Y eso, repito, es lo que también puede pasarle a la Iglesia. Su “retraso cultural” le puede hacer admirar cosas que ya han pasado y de las que la gente está harta. Muchos en la Iglesia no parecen capaces de conectar con sus propios feligreses o con una parte importante de ellos y les puede pasar como a los periodistas, que creen que pueden imponerles sus propios criterios, aunque éstos sean errados. Estos eclesiásticos no se estaban dando cuenta, al criticar a Trump, de que si este ganaba iba a nombrar jueces pro vida en el Tribunal Supremo norteamericano, que iba a acabar con la subvención de 500 millones de dólares anuales que Planned Parenthood percibe de los fondos públicos de ese país, que iba a frenar la expansión de la ideología de género, que iba a acabar con la obligación para las empresas católicas de financiar abortivos entre

sus empleados y que iba a defender el derecho a la libertad religiosa. Muchos eclesiásticos, debido a su “retraso cultural”, quizá debido a su edad avanzada, no han sabido ver lo que sí han visto sus feligreses. Estos, a pesar de que Trump deja mucho que desear en muchas cosas, han decidido apoyarle. El 60 por 100 de los católicos blancos norteamericanos ha votado a Trump y si los latinos no han hecho lo mismo ha sido por la torpeza del candidato a la hora de afrontar la inmigración ilegal. Esa cifra crece muchísimo más si se tiene en cuenta sólo a los católicos practicantes, donde la cifra de votantes a Trump probablemente habrá pasado del 80 por 100. No en vano, la entrevista que concedió a EWTN, la principal televisión católica norteamericana, pocos días antes de las elecciones, fue tan decisiva que ahora se bromea diciendo que la va a transformar en el canal oficial del gobierno.
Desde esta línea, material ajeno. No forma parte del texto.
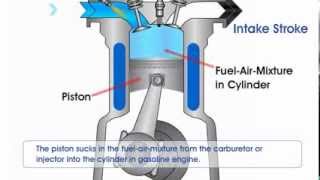 How Gasoline Engine Works - YouTube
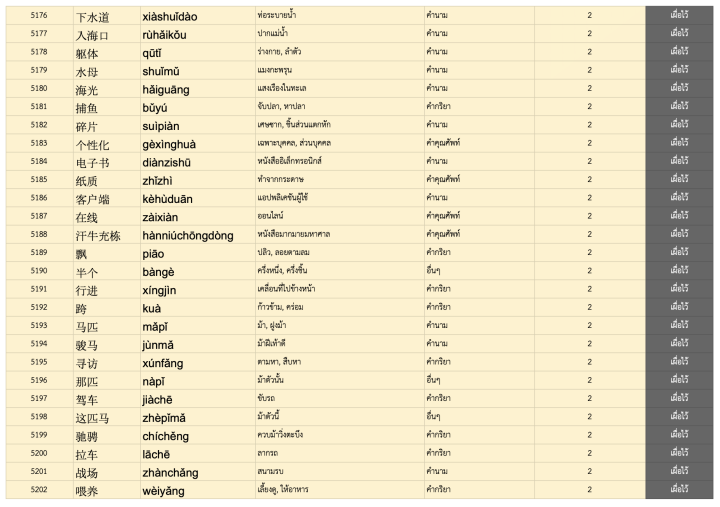 HSK6_Vocab_Ranking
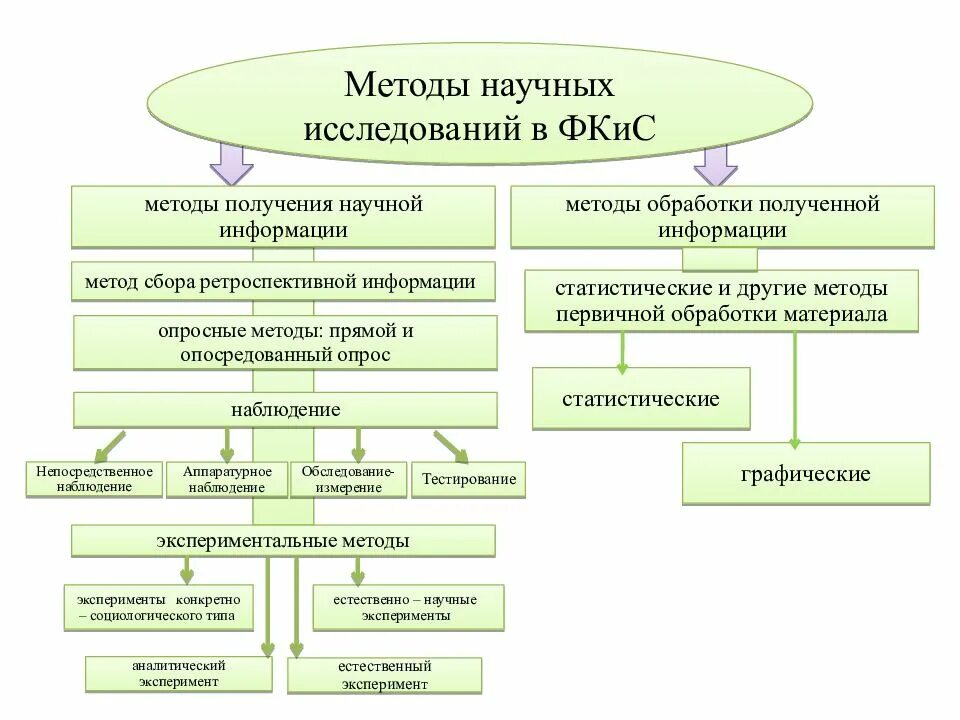 Методы культурного познания. Методы исследования в физической культуре. Методы научного исследования. Метод научного исследования. Методы исследования в теории физической культуры..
Trump no es un santo, no es ni de lejos el candidato ideal para un católico, pero la demagogia que han usado contra él los medios de comunicación ha sido tan grosera que han conseguido el resultado contrario al buscado. Muchos de los católicos que han votado por Trump lo han hecho por las cosas buenas que ofrecía y como protesta por el comportamiento manipulador de los medios de comunicación. Esas dos cosas deberían tenerlas en cuenta tanto los medios como los líderes eclesiales.
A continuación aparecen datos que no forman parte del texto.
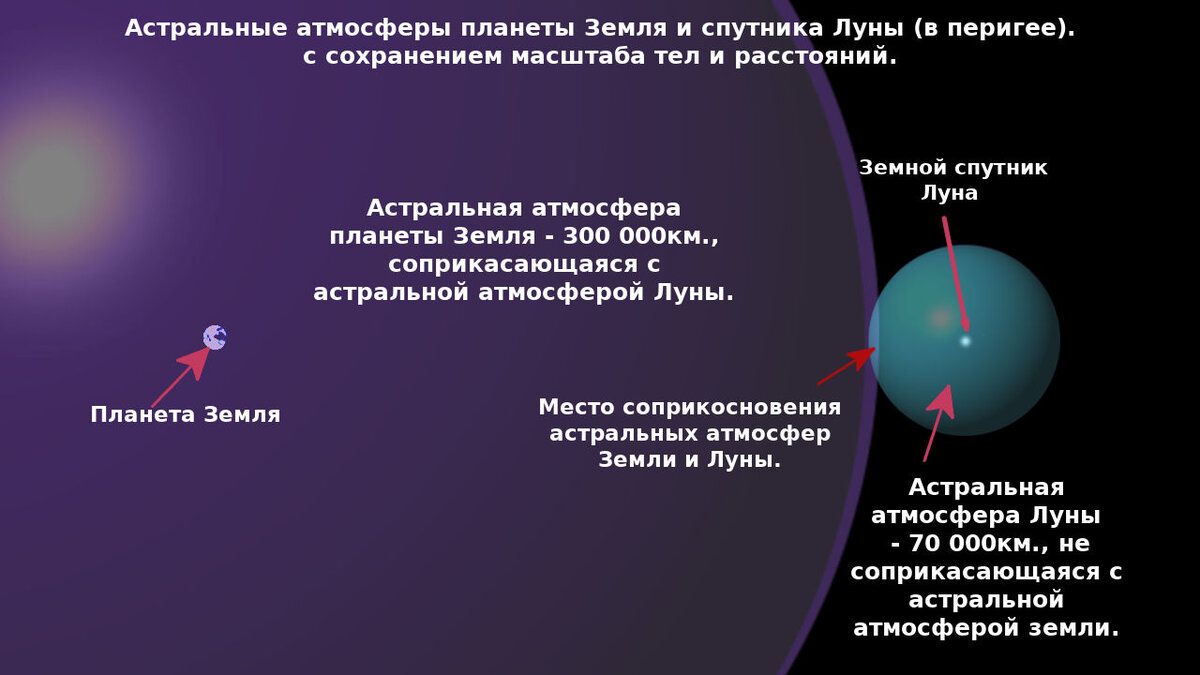 Тема №23 «Возможно ли исследовать другие планеты в Астральном мире» |  Азбука загадок человечества | Дзен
Curiosamente, dentro del grupo de eclesiásticos que no tienen “retraso cultural” no está la mayoría de los obispos norteamericanos. A estos no les ha faltado agilidad para responder correctamente a la noticia de la elección del republicano como presidente. Tras felicitarle y pedirle que gobierne para todos, se han ofrecido a colaborar con él tanto en la defensa de la vida y la familia como en la defensa de los inmigrantes ilegales. Eso es estar donde se debe estar: defendiendo la vida y defendiendo a los pobres. Mirando al presente y al futuro, sin quedarse anclados en el pasado.